Having played AACW & AACW2 extensively I was pretty much able to jump right into RUS right away--albeit with a copy of W. Bruce Lincoln's
Red Victory: A History Of The Russian Civil War, 1918-1921 in hand to cram some history while playing in order to throw some light on a subject I was pretty sketchy about.
I've played out a few of the smaller scenarios and have worked through the campaign game to July 1920. Overall I think this is destined to be a classic--if their ACW study is the tour de force in gaming that conflict, I doubt that RUS can be surpassed in it's treatment of the Russian Civil War. The historical detail and chrome is grognard catnip, the map is superb, and the scale nicely has individual armies and corps battling over critical rail nodes, whether occupied by a major city or not. There is rarely any sort of WW I type of continuous front. As the Reds you will be fighting off the incursions of a large host of dysfunctional White allies, and on all points of the compass. Like the Confederates, the Whites have far better generals; however they will end up discovering that quantity (of Red troops) has a quality of its own.

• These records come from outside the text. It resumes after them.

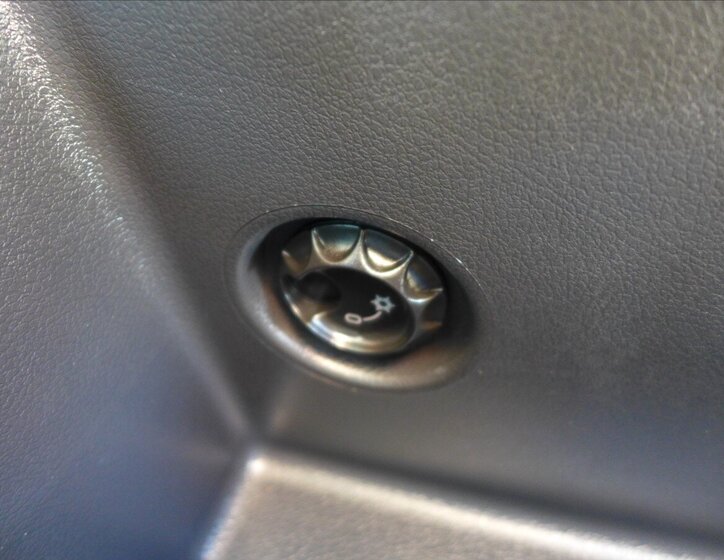 Volkswagen Golf Plus Hatchback 1,4 l 59 kw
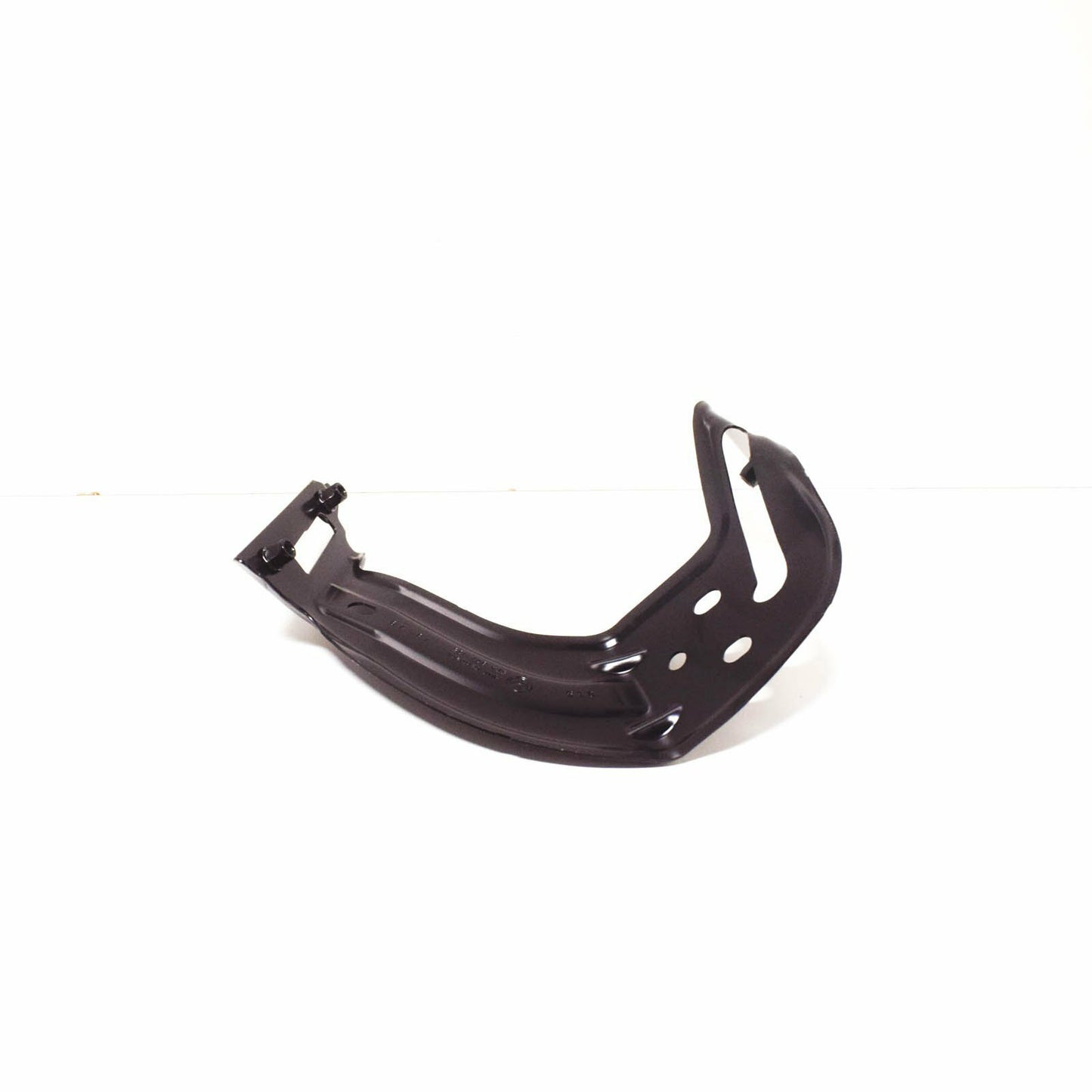 NEW VOLKSWAGEN TOURAN 5T FRONT LEFT FENDER WING BRACKET 5TA821135 ORIGINAL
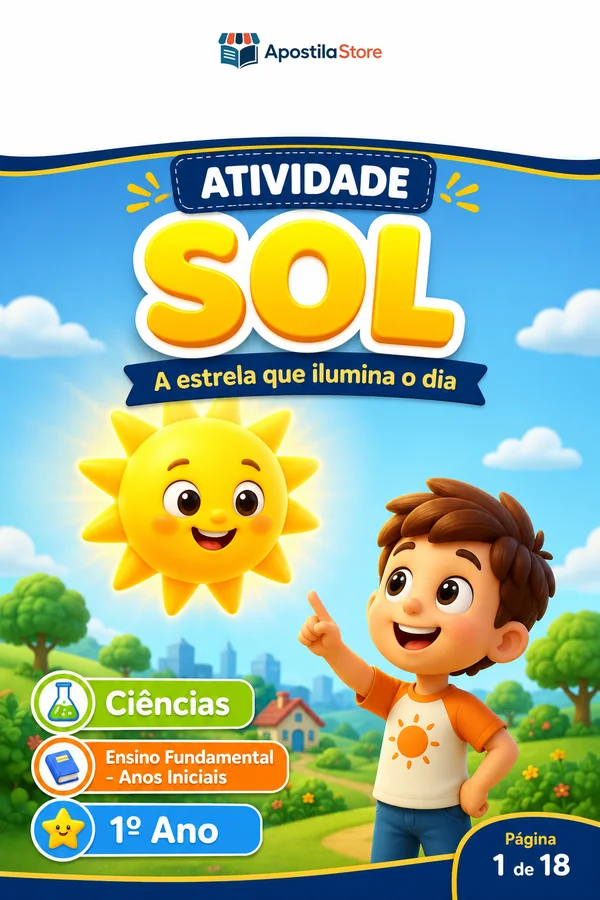 Capa de Sol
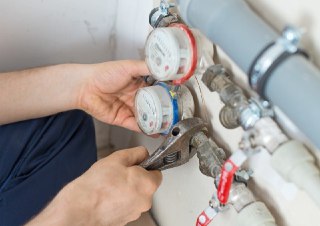 Замена счетчиков воды Сарапул цена от 848 руб.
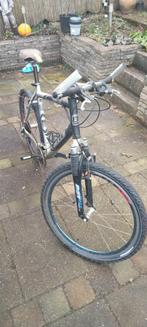 atb / mountainbike, Fietsen en Brommers, Fietsen | Mountainbikes en ATB, Gebruikt, Hardtail, Heren, Ophalen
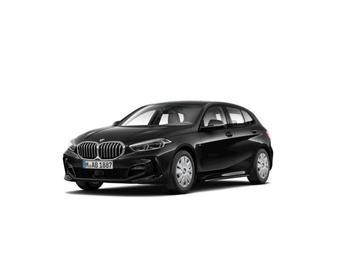 BMW Serie 1 116 M SPORT - NAVI - LED -PDC  beschikbaar voor biedingen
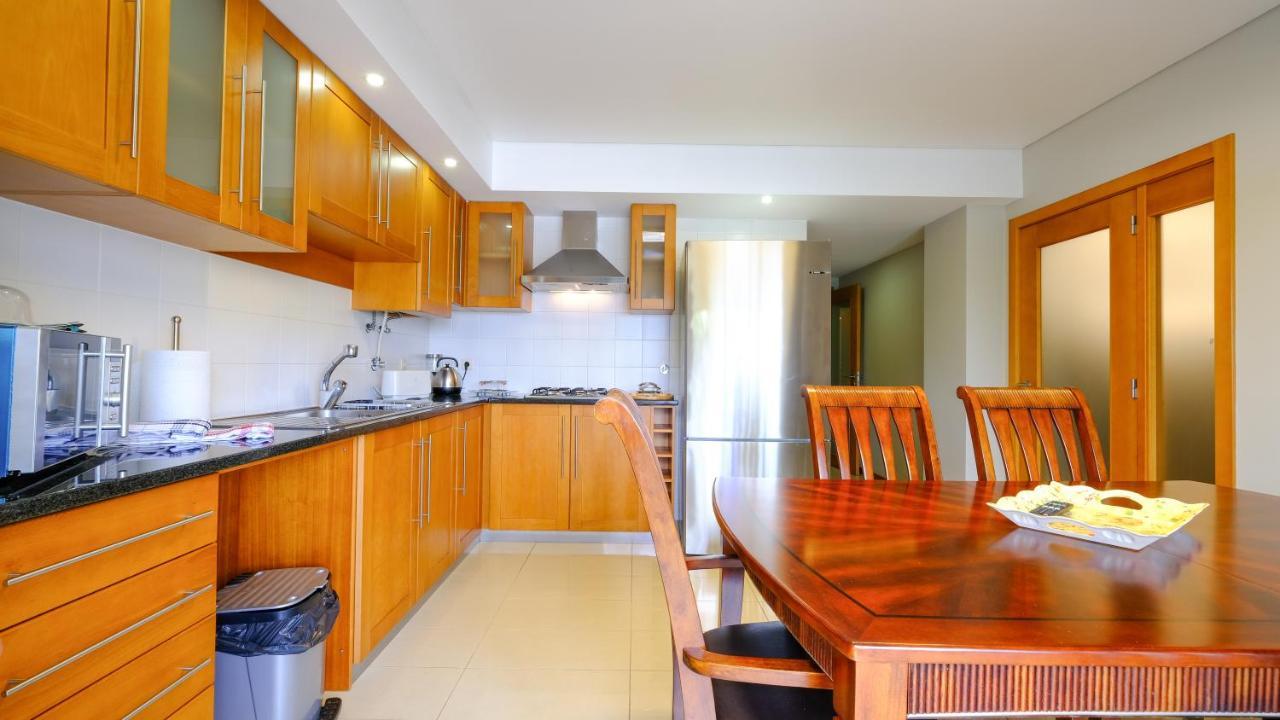 Ellierose Apartment Ponta Delgada 외부 사진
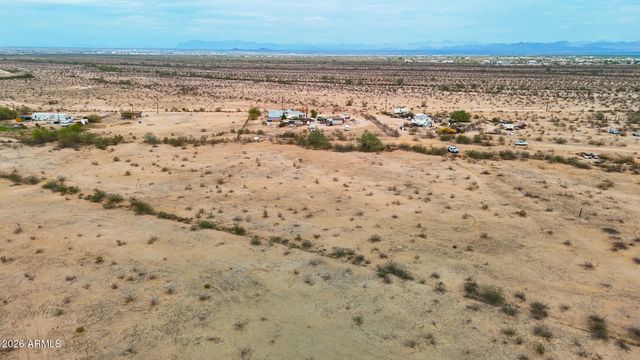 0 N SHADYSIDE ST 1.6 ACRES -- 14, Florence, AZ 85132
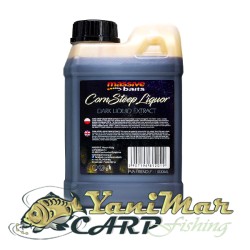 Течна Добавка Massive Baits CSL Dark Liquid Extract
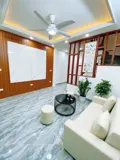 Nhà Mới Đẹp 5 Tầng, 6 Phòng Ngủ - Vĩnh Hưng, Hoàng Mai - Giá Chỉ 5 tỷ - Ảnh 1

I played the Western Whites and it starts out deceptively simple. By the time I was well into 1919 it had become clear that the effective use of replacements, new levies and allocation of resources, is critical. It gets complex because your base pool has to be shared by your main White armies in the south, the Cossacks there, Whites in the Baltic, Whites up north in Murmansk as well as Brits, French and Americans to a lesser extent. As well, you get very few brigade options and end up micromanaging elements to put together divisions for the most part and the work gets intense when you are well into it as you are raising literally hundreds of rgts to form divisions. Perhaps a future patch could streamline this as a thought. I was also surprised to see that even militia rgts cannot be put together as a 2-element unit as they can in AACW2. My only other criticism is the same with AACW: The list of events in a tiny font that is someone awkward to use. I would love to see that with an option to view it (or even print it) as a doc file.
All in all a superb study of the Russian Civil War and I imagine future patches will make it even better.